Collection entries:
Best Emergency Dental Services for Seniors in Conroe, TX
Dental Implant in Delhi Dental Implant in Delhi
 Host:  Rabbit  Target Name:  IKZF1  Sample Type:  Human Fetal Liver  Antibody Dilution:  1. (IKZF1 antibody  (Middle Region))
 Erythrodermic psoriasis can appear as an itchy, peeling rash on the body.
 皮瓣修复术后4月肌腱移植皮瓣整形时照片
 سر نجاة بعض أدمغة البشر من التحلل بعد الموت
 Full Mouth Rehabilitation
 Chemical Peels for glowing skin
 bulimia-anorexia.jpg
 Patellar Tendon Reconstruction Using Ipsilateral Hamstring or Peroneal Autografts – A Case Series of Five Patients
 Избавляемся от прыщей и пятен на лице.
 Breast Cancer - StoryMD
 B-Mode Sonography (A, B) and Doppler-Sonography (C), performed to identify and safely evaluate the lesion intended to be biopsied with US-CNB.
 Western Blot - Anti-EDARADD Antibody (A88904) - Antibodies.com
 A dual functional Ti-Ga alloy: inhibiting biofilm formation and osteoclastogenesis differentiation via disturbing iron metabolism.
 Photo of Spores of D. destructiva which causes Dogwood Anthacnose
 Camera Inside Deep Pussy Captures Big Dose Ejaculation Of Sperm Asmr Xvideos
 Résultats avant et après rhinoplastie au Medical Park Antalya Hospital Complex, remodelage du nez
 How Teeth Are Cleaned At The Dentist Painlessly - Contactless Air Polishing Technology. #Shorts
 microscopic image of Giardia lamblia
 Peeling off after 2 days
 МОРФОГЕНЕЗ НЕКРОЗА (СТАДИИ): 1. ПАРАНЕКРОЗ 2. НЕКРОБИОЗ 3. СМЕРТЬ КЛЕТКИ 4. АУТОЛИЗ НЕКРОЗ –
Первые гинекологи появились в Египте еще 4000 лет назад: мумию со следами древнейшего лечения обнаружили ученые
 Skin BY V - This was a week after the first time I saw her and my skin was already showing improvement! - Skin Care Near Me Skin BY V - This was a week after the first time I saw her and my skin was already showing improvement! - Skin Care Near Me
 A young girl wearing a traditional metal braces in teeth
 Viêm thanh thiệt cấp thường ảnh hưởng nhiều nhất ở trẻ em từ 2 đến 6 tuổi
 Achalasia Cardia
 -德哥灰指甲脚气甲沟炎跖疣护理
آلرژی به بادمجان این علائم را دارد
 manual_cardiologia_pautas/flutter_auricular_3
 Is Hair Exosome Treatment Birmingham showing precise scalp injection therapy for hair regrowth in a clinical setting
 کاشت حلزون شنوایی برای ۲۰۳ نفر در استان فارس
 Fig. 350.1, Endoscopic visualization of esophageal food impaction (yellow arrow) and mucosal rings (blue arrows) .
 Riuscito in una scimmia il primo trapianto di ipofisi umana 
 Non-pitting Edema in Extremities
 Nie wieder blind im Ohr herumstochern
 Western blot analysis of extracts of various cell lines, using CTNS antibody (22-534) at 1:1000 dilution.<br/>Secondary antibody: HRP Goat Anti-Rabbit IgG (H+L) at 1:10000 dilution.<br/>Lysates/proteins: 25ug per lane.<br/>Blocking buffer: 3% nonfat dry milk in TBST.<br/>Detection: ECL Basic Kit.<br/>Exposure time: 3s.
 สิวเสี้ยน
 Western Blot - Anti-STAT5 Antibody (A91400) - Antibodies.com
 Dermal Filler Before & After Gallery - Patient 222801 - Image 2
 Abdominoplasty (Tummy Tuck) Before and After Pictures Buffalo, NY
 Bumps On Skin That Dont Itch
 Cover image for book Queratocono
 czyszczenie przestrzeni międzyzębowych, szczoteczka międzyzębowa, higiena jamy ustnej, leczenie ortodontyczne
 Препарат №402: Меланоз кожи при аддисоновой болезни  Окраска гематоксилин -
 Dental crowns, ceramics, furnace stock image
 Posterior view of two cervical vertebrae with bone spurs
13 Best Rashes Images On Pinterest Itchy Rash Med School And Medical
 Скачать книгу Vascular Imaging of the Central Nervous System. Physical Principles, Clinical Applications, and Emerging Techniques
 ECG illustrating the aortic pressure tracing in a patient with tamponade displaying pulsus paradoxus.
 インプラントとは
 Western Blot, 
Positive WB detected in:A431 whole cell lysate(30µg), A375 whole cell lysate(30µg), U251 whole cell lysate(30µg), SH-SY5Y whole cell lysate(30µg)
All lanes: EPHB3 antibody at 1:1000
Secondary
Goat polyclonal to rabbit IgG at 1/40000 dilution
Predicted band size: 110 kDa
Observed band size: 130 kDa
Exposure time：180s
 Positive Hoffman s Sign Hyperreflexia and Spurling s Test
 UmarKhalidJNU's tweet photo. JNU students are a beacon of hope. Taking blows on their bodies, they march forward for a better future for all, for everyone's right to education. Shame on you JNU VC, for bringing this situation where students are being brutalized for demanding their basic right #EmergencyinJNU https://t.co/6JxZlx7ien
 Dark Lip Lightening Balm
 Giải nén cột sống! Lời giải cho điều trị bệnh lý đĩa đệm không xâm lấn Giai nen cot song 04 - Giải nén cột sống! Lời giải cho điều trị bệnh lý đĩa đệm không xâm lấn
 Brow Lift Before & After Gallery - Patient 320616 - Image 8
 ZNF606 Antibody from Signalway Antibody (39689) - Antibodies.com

**Exercise objective**
Answer with the number alone after tallying the lines of the entries above that contain the word "cell".

**Written answer**
2